## 15.8 Fitting ideals

The Fitting ideals of a finite module are the ideals determined by the construction of Lemma 15.8.2.

Lemma 15.8.1. Let $R$ be a ring. Let $A$ be an $n \times m$ matrix with coefficients in $R$. Let $I_ r(A)$ be the ideal generated by the $r \times r$-minors of $A$ with the convention that $I_0(A) = R$ and $I_ r(A) = 0$ if $r > \min (n, m)$. Then

$I_0(A) \supset I_1(A) \supset I_2(A) \supset \ldots $,

if $B$ is an $(n + n') \times m$ matrix, and $A$ is the first $n$ rows of $B$, then $I_{r + n'}(B) \subset I_ r(A)$,

if $C$ is an $n \times n$ matrix then $I_ r(CA) \subset I_ r(A)$.

If $A$ is a block matrix

\[ \left( \begin{matrix} A_1
& 0
\\ 0
& A_2
\end{matrix} \right) \]

then $I_ r(A) = \sum _{r_1 + r_2 = r} I_{r_1}(A_1) I_{r_2}(A_2)$.

Add more here.

**Proof.**
Omitted. (Hint: Use that a determinant can be computed by expanding along a column or a row.)
$\square$

Lemma 15.8.2. Let $R$ be a ring. Let $M$ be a finite $R$-module. Choose a presentation

\[ \bigoplus \nolimits _{j \in J} R \longrightarrow R^{\oplus n} \longrightarrow M \longrightarrow 0. \]
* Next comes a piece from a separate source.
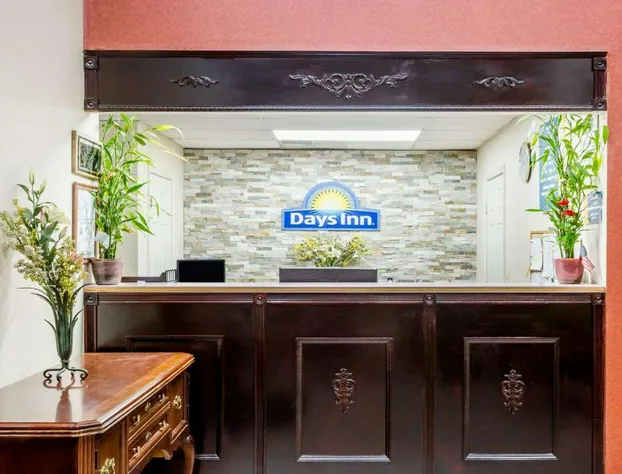 Days Inn by Wyndham Hendersonville hotel detail image 3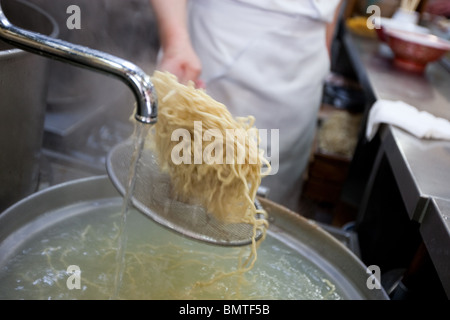 Sehr etabliertes, sehr hoch angesehen und traditionelle (oder 'Old School') 'Harukiya' Ramen-Nudel-Restaurant, Tokio. Stockfoto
of $M$. Let $A = (a_{ij})_{i = 1, \ldots , n, j \in J}$ be the matrix of the map $\bigoplus _{j \in J} R \to R^{\oplus n}$. The ideal $\text{Fit}_ k(M)$ generated by the $(n - k) \times (n - k)$ minors of $A$ is independent of the choice of the presentation.

**Proof.**
Let $K \subset R^{\oplus n}$ be the kernel of the surjection $R^{\oplus n} \to M$. Pick $z_1, \ldots , z_{n - k} \in K$ and write $z_ j = (z_{1j}, \ldots , z_{nj})$. Another description of the ideal $\text{Fit}_ k(M)$ is that it is the ideal generated by the $(n - k) \times (n - k)$ minors of all the matrices $(z_{ij})$ we obtain in this way.
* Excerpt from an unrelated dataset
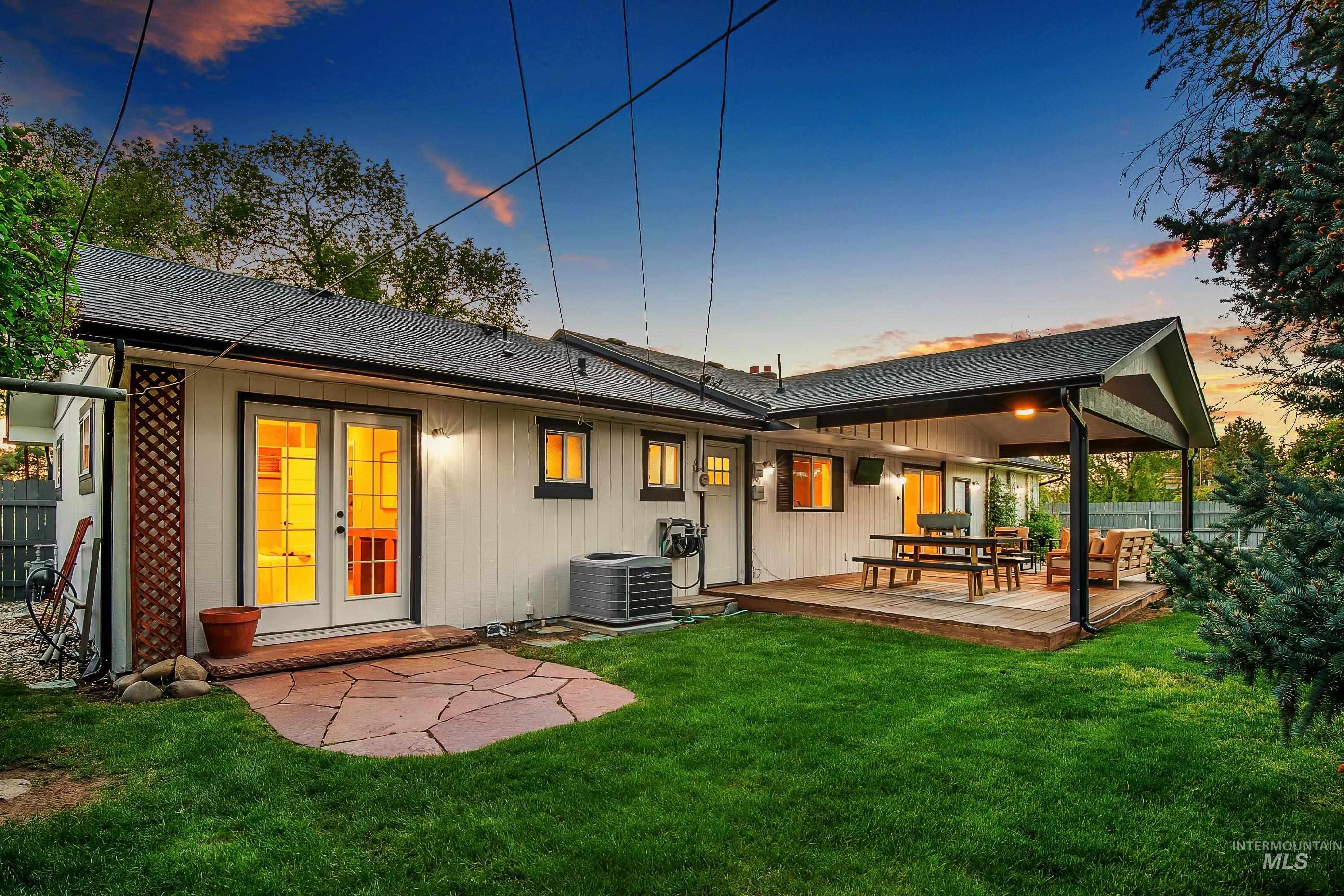 2400 S Roosevelt Street, Boise, Idaho 83705, 3 Bedrooms, 2 Bathrooms, Residential For Sale, Price $548,000,MLS 98985296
Suppose we change the surjection into the surjection $R^{\oplus n + n'} \to M$ with kernel $K'$ where we use the original map on the first $n$ standard basis elements of $R^{\oplus n + n'}$ and $0$ on the last $n'$ basis vectors. Then the corresponding ideals are the same. Namely, if $z_1, \ldots , z_{n - k} \in K$ as above, let $z'_ j = (z_{1j}, \ldots , z_{nj}, 0, \ldots , 0) \in K'$ for $j = 1, \ldots , n - k$ and $z'_{n + j'} = (0, \ldots , 0, 1, 0, \ldots , 0) \in K'$. Then we see that the ideal of $(n - k) \times (n - k)$ minors of $(z_{ij})$ agrees with the ideal of $(n + n' - k) \times (n + n' - k)$ minors of $(z'_{ij})$. This gives one of the inclusions. Conversely, given $z'_1, \ldots , z'_{n + n' - k}$ in $K'$ we can project these to $R^{\oplus n}$ to get $z_1, \ldots , z_{n + n' - k}$ in $K$. By Lemma 15.8.1 we see that the ideal generated by the $(n + n' - k) \times (n + n' - k)$ minors of $(z'_{ij})$ is contained in the ideal generated by the $(n - k) \times (n - k)$ minors of $(z_{ij})$. This gives the other inclusion.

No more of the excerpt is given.